Die VfL-Meisterspieler Alexander Madlung (von links), André Lenz und Josué zeigten sich berührt vom Film.

Die VfL-Meisterspieler Alexander Madlung (von links), André Lenz und Josué zeigten sich berührt vom Film.

Foto: Darius Simka / regios24

Nein, ein Film, um sich selbst bloß abzufeiern, ist es nicht geworden. „10 Jahre Deutscher Meister“, das dritte VfL-Werk von Regisseur und Fan Chris Krüger, beleuchtet die Meistersaison 2008/2009 des Wolfsburger Fußball-Bundesligisten und lebt von bislang unveröffentlichten und in den VfL-Archiven schlummernden Video-Interviews mit damaligen Spielern, Betreuern und Verantwortlichen. Alles zusammen erzählt humorig und hintergründig eine (hoffentlich nicht) einmalige Sportgeschichte der „Wölfe“.

Die 350 geladenen Premierengäste am Donnerstagabend im Delphin-Kino in der Wolfsburger Innenstadt erleben kein bildgewaltiges Spektakel, wie es Krügers Erstlingswerk „20 – Der Stress lohnt sich“ mit Bildern aus der Fastabstiegssaison 2016/2017 zum 20-jährigen Bundesliga-Jubiläum des VfL war. Der neue Film ist leiser.

Im Jahr nach der Meisterschaft ließ der seinerzeit neue Pressechef der „Wölfe“, Gerd Voss, eine Reihe Meisterspieler die Geschichte des bislang größten VfL-Erfolgs vor laufender Kamera erzählen. Drei von ihnen befanden sich unter den Ehrengästen. Der damalige Kapitän und Mittelfeldabräumer Josué, Innenverteidiger Alexander Madlung und Ersatztorwart André Lenz schwärmten hinterher. Erinnerungen und Emotionen wurden wieder wach. „Der Film ist sehr emotional“, gestand Josué.

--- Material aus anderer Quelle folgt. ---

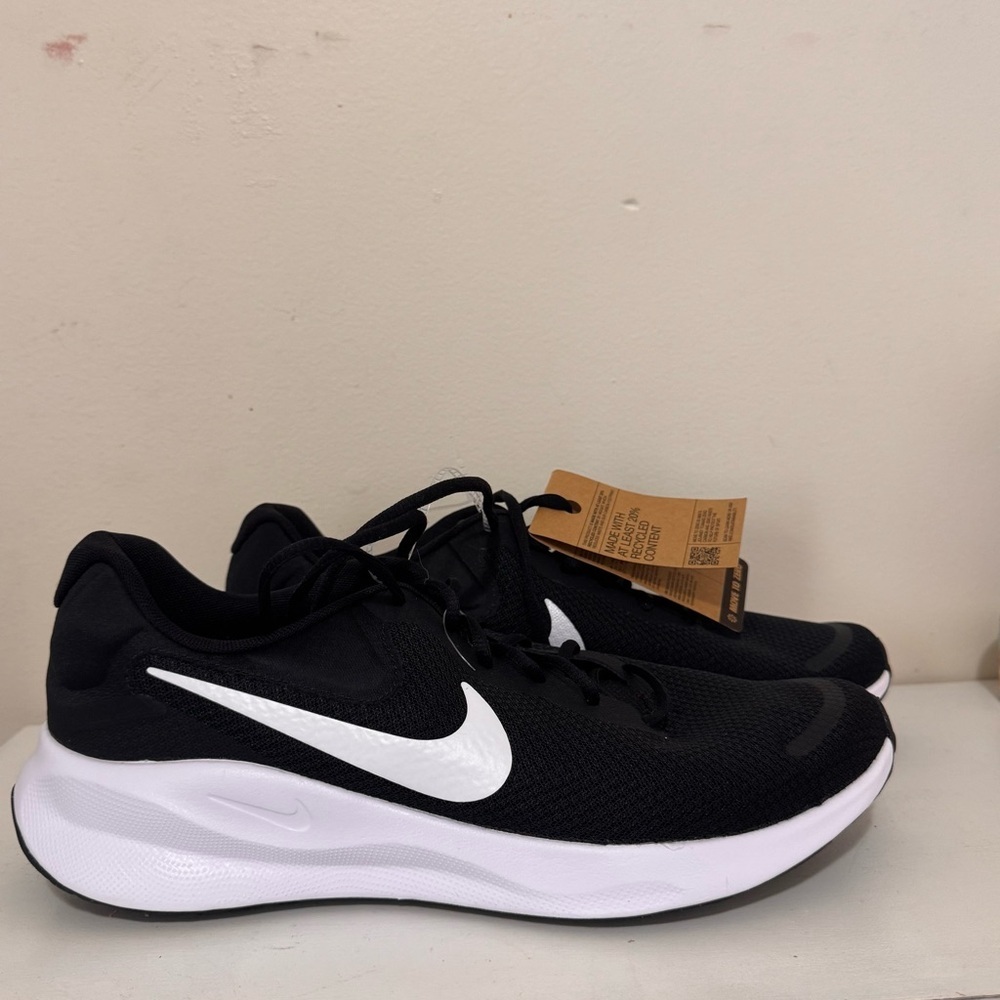 NWT Nike Men's Black and White Athletic Shoes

Ausgeschmückt mit nach wie vor spektakulär anzuschauenden Original-Spielszenen und ergänzt um aktuelle Interviews mit den damaligen Stars Grafite, Edin Dzeko und Andrea Barzagli dürfte die einstündige Filmdokumentation auch Nicht-VfL-Fans mitnehmen und unterhalten, wenn sie sich darauf einlassen wollen.

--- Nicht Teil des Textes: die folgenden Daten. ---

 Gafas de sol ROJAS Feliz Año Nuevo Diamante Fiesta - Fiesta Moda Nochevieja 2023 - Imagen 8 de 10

Und sie bringt auch ein paar Details und Anekdoten zum Vorschein, die bisher im Verborgenen lagen. Physiotherapeut Jörg Drill, der gerade erst nach fast 16 Jahren Tätigkeit in Wolfsburg verabschiedet wurde, verrät: Der legendäre 5:1-Heimsieg des VfL gegen Bayern München hätte eigentlich ein 6:3 werden sollen. Dieses Ergebnis hatten die Spieler getippt und vorab in einen in der Kabine aufgehängten Spielplan eingetragen, wie sie es zu der Zeit immer taten. Hinterher wurde das falsche Resultat dick überschrieben.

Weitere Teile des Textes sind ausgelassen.